Renounce the practice of collaborating with the military to counter political rivals and refrain from appealing for military intervention in the city’s internal affairs.
Renounce any current or future alliance with criminal gangs and armed activist wings.
To demonstrate the political will to restore civilian authority, redress the adverse consequences of the Rangers’ operation, enforce the rule of law in Karachi and prevent renewed criminal and jihadist violence
To the federal and provincial Sindh governments:
Replace selective counter-terrorism with an approach that targets jihadist groups using violence within or from Pakistani territory; regulate the madrasa sector; and act comprehensively against those with jihadist links.
End the Rangers’ operation and commit to a law enforcement policy rooted in a reformed criminal justice system, including an operationally autonomous but accountable police force.
Resist military pressure to renew the Protection of Pakistan Act or grant wide powers to military and law enforcement agencies that lend themselves to abuse, including 90-day remand without charge; and repeal the 90-day remand provision in the 1997 Anti-Terrorism Act.
Resist military pressure to renew military courts, the authority of which under the 21st constitutional amendment expired in January 2017.
Replace, for the Sindh government, the 1861 Police Act with a new police order, using the 2002 Police Order as a template, to guarantee operational autonomy and robust internal and external accountability; and abandon plans to give police recruits military training, instead committing to fundamental reorientation of policing toward intelligence gathering, investigation and building court cases.
Investigate all allegations of custodial killings, torture, illegal detention and other human rights abuses by any law enforcement/security agency and hold individuals to account.
To the Sindh High Court:
Uphold the constitutional right to fair trial by:
Prioritizing petitions and cases involving alleged human rights abuses and denial of due process by law enforcement agencies, including the Rangers; and establishing and mandating implementation of practicable investigation procedures and fixing individual responsibility in those cases; and
Ordering release of anyone detained in violation of basic due process; and using such cases as an opportunity to review and strike down any legal provisions that contradict the right to due process and fair trial.
To the political parties:
Establish funds to support female dependents of party members who have been detained, killed, gone missing or are otherwise unable to return to normal life, including material and psychological support; and facilitate unimpeded access to human rights and other civil society organizations for female dependents and family members affected by an operation.
To address the drivers of conflict, including extreme inequality that criminal and jihadist organizations exploit to expand their influence
To the provincial Sindh government:
Revive and properly resource public housing and public transport projects and ensure they benefit lower income groups rather than speculators, mafias and other elites, thus reconceiving the concept of land and transportation as a foundation of a peaceful body politic, not simply a market-provided good.
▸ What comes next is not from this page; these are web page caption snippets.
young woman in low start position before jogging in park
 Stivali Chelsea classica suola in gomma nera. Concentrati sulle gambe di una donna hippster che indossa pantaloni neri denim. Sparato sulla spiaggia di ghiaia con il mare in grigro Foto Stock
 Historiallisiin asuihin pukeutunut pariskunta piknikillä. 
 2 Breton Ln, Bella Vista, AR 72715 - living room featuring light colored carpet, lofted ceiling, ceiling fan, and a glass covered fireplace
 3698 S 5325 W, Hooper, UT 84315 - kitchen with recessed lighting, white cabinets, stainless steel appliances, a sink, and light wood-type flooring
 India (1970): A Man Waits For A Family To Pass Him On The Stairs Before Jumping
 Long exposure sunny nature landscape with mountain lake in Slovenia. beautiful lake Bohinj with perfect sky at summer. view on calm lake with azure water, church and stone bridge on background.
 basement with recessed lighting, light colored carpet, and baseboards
Ensure equal access to basic services, including water and power, for all residents, and prevent the Defence Housing Authority (DHA) and elite private real estate schemes from unfairly acquiring a disproportionate share.
End illegal regularization and sale of public land and sale of valuable public agricultural and legally protected property to DHA and any similar public or private schemes.
Revive moribund state-run polytechnics, create additional ones and give the private sector incentives to establish vocational training institutions.